Tribunal Administratif de Châlons-en-Champagne — Décision N° TA51-2301736

vendredi 4 août 2023

JuridictionTribunal Administratif de Châlons-en-Champagne
SectionTribunal Administratif de Châlons-en-Champagne
N° DossierTA51-2301736
TypeDécision
RecoursExcès de pouvoir
PublicationC
FormationJuge unique - Eloignement
Avocat requérantSELARL MAINNEVRET-MALBLANC

Texte intégral

Vu les procédures suivantes :

I. Par une requête enregistrée sous le n° 2301736, le 28 juillet 2023, M. B A, représenté par Me Romain Mainnevret, demande au tribunal :

1°) de l'admettre provisoirement au bénéfice de l'aide juridictionnelle ;

2°) d'annuler, pour excès de pouvoir, l'arrêté du 27 juillet 2023 par lequel le préfet de la Marne lui a fait obligation de quitter le territoire français sans délai, a fixé le pays à destination duquel elle pourra être reconduite à défaut d'exécution volontaire et a prononcé à son encontre une interdiction de retour sur le territoire français pour une durée de six mois ;

3°) d'enjoindre au préfet de la Marne de réexaminer sa situation administrative ;

4°) de mettre à la charge de l'Etat la somme de 1 200 euros, à verser à son conseil, au titre des dispositions combinées des articles L. 761-1 du code de justice administrative et 37 de la loi du

10 juillet 1991.

Il soutient que :

- la décision lui refusant un délai de départ volontaire méconnaît les articles L. 612-1, L. 612-2 et L. 612-3 du code de l'entrée et du séjour des étrangers et du droit d'asile ;

- la décision fixant le pays de renvoi méconnaît l'article 3 de la convention européenne de sauvegarde des droits de l'homme et des libertés fondamentales ;

- la décision portant interdiction de retour sur le territoire français méconnaît les articles L. 612-6 et L. 612-10 du code de l'entrée et du séjour des étrangers et du droit d'asile ;

- elle méconnaît l'article 3 de la convention européenne de sauvegarde des droits de l'homme et des libertés fondamentales.

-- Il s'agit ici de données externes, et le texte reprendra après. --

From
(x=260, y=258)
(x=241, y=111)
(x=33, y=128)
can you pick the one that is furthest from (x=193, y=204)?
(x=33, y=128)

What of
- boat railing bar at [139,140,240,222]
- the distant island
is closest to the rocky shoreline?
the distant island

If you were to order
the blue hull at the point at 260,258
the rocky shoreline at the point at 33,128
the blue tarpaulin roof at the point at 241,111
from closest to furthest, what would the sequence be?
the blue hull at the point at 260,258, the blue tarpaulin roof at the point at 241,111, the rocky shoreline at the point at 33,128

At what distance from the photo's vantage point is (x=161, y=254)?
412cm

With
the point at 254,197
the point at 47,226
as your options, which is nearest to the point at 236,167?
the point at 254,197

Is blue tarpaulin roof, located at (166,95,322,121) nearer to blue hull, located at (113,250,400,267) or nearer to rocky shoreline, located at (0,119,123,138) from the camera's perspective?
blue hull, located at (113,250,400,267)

Par un mémoire en défense, enregistré le 3 août 2023, le préfet de la Marne conclut au rejet de la requête.

Il soutient que les moyens soulevés par M. A ne sont pas fondés.

II. Par une requête enregistrée sous le n° 2301737, le 28 juillet 2023, M. B A, représenté par Me Romain Mainnevret, demande au tribunal :

1°) de l'admettre provisoirement au bénéfice de l'aide juridictionnelle ;

2°) d'annuler, pour excès de pouvoir, l'arrêté du 27 juillet 2023 par lequel le préfet de la Marne a ordonné son assignation à résidence pour une durée de quarante-cinq jours ;

3°) de mettre à la charge de l'Etat la somme de 1 200 euros, à verser à son conseil, au titre des dispositions combinées des articles L. 761-1 du code de justice administrative et 37 de la loi du

10 juillet 1991.

Il soutient que :

- la décision attaquée est entachée d'une erreur de fait relative à son identité ;

- elle est entachée d'une erreur manifeste d'appréciation.

Par un mémoire en défense, enregistré le 3 août 2023, le préfet de la Marne conclut au rejet de la requête.

Il soutient que les moyens soulevés par M. A ne sont pas fondés.

Vu les autres pièces du dossier.

Vu :

- la convention européenne de sauvegarde des droits de l'homme et des libertés fondamentales ;

- le code de l'entrée et du séjour des étrangers et du droit d'asile ;

- la loi n° 91-647 du 10 juillet 1991 ;

- le code de justice administrative.

Le président du tribunal a délégué les pouvoirs qui lui sont attribués par l'article L. 614-9 du code de l'entrée et du séjour des étrangers et du droit d'asile à M. Friedrich, conseiller.

Les parties ont été régulièrement averties du jour de l'audience.

Ont été entendus au cours de l'audience publique :

- le rapport de M. Clemmy Friedrich,

- et les observations de Me Mainnevret, représentant M. A, qui reprend à l'oral les moyens soulevés dans la requête.

Le préfet de la Marne n'était ni présent, ni représenté.

La clôture de l'instruction a été prononcée, en application de l'article R. 776-26 du code de justice administrative, après que le conseil du requérant a formulé des observations orales au cours de l'audience publique.

Considérant ce qui suit :

1. M. A, ressortissant ivoirien né le 29 décembre 1974 à Agboville, est entré en France en avril 2021 selon ses déclarations. Il a fait l'objet, le 11 novembre 2021, d'un transfert vers les autorités allemandes pour l'examen de sa demande d'asile, mesure qui est restée inexécutée. Par deux arrêtés du 27 juillet 2023, le préfet de la Marne, d'une part, lui a fait obligation de quitter le territoire français sans délai, a fixé le pays à destination duquel il pourra être reconduit à défaut d'exécution volontaire et a prononcé à son encontre une interdiction de retour sur le territoire français pour une durée de six mois et, d'autre part, a ordonné son assignation à résidence pour une durée de quarante-cinq jours. Par les présentes requêtes, M. A demande au tribunal d'annuler ces deux dernières décisions.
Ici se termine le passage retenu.